*About this task*. Reproduce everything from the line that contains "Poster to the" down to the line that contains "Village Tap |" in the listing below, word for word and nothing more. Leave the pictures out.

*Exercise data*.
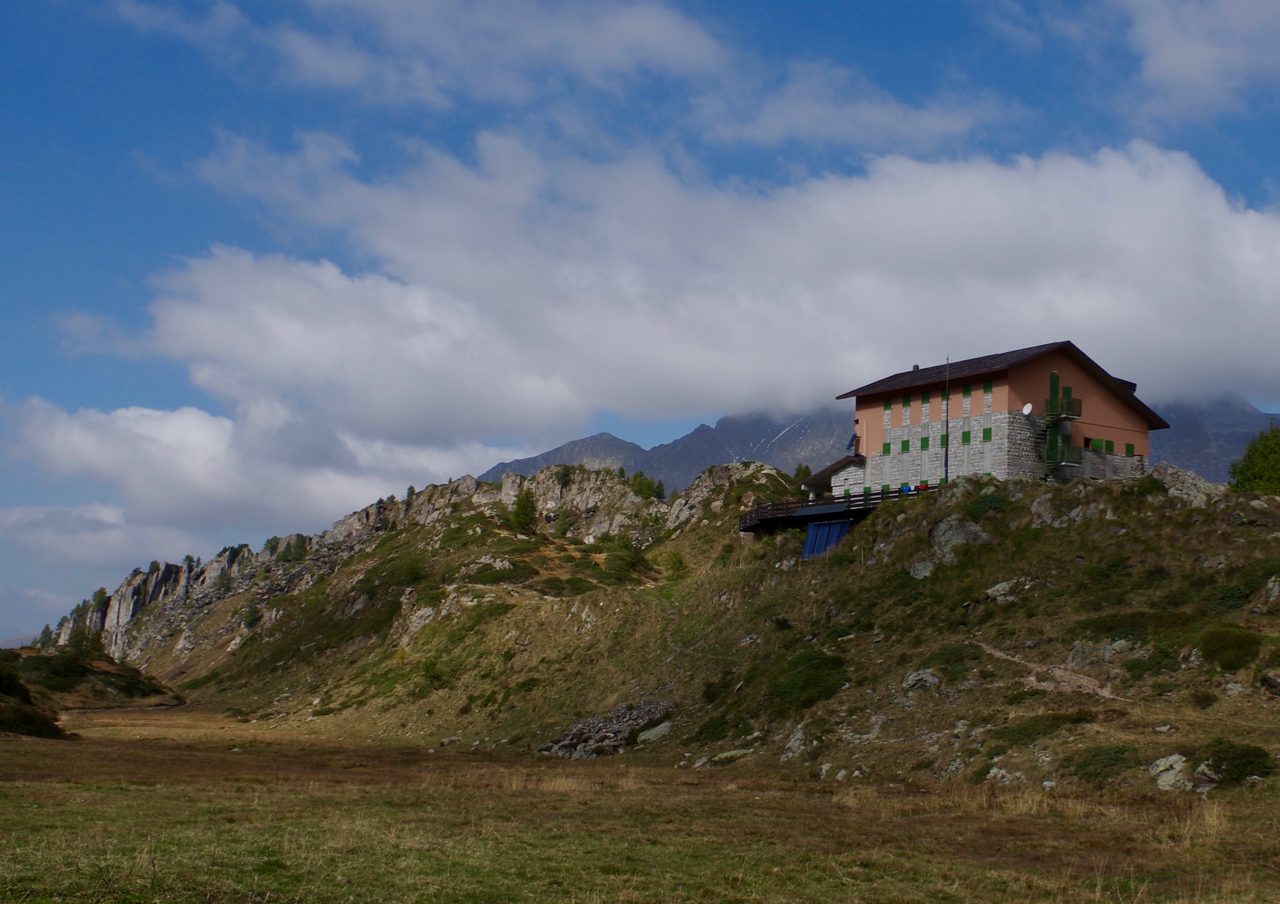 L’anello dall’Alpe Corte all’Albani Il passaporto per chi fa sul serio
...
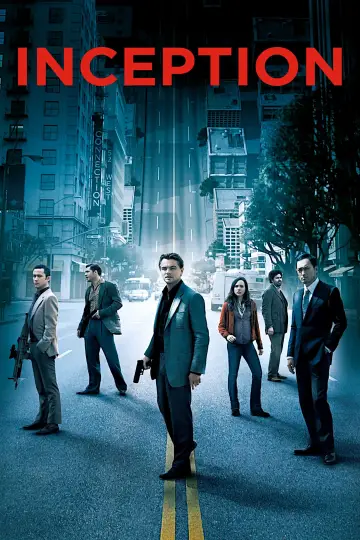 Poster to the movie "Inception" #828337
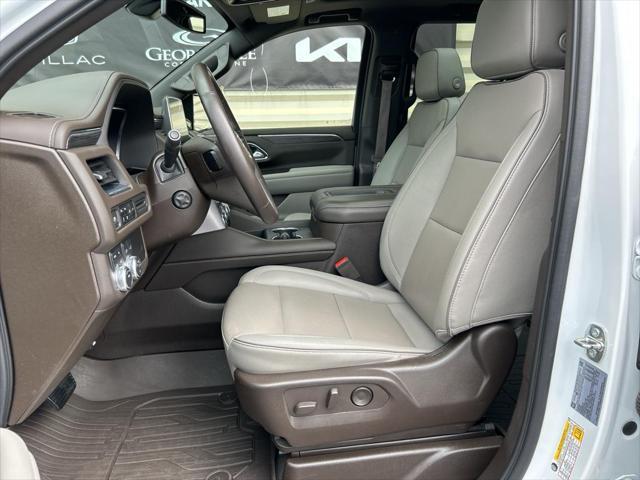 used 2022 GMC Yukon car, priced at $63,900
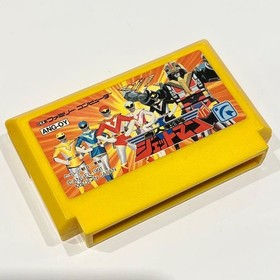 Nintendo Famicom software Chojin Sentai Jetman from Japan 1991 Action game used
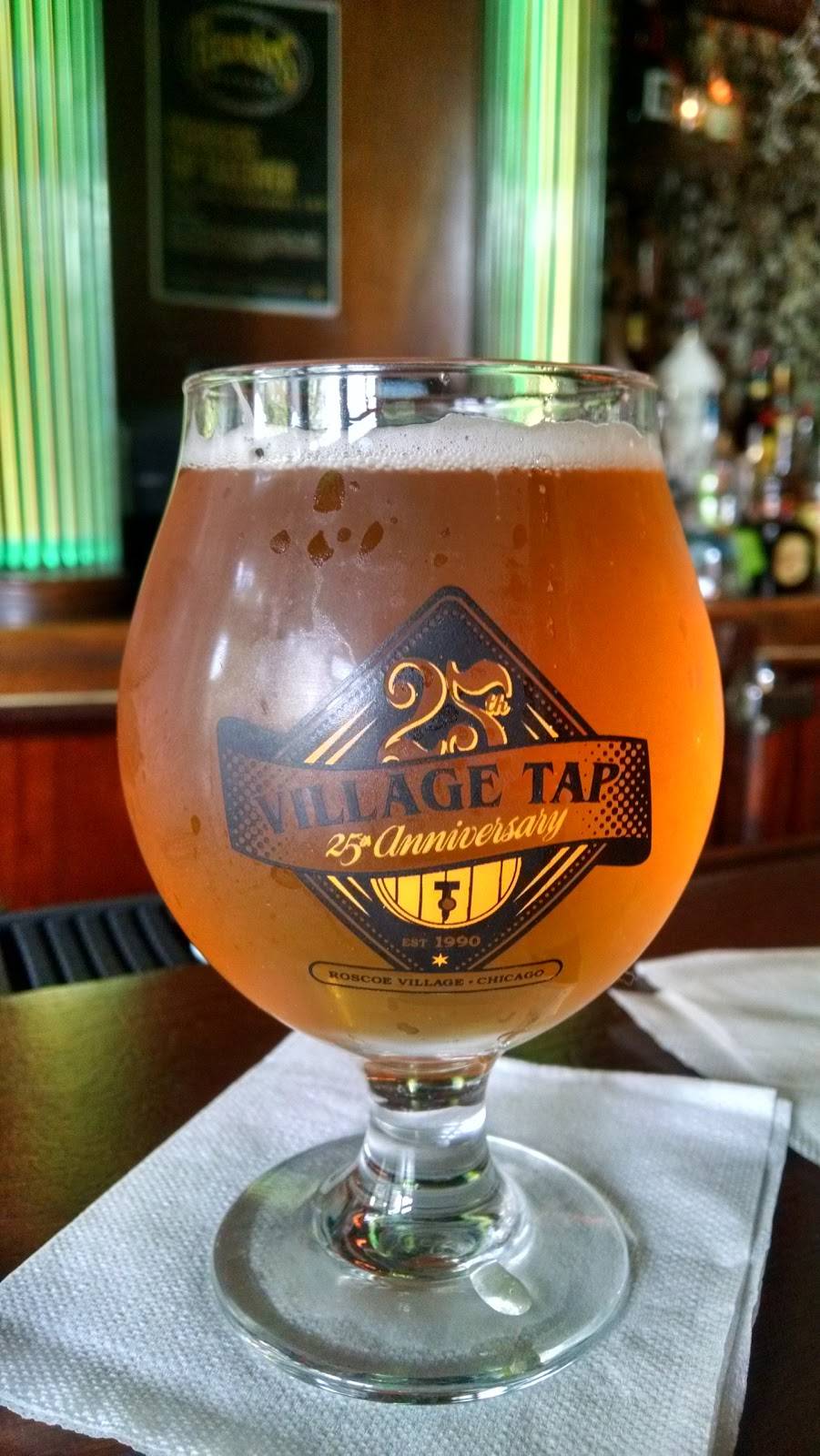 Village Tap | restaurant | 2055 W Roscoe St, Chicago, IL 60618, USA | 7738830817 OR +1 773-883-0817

*Finished task*.
 Poster to the movie "Inception" #828337
 used 2022 GMC Yukon car, priced at $63,900
 Nintendo Famicom software Chojin Sentai Jetman from Japan 1991 Action game used
 Village Tap | restaurant | 2055 W Roscoe St, Chicago, IL 60618, USA | 7738830817 OR +1 773-883-0817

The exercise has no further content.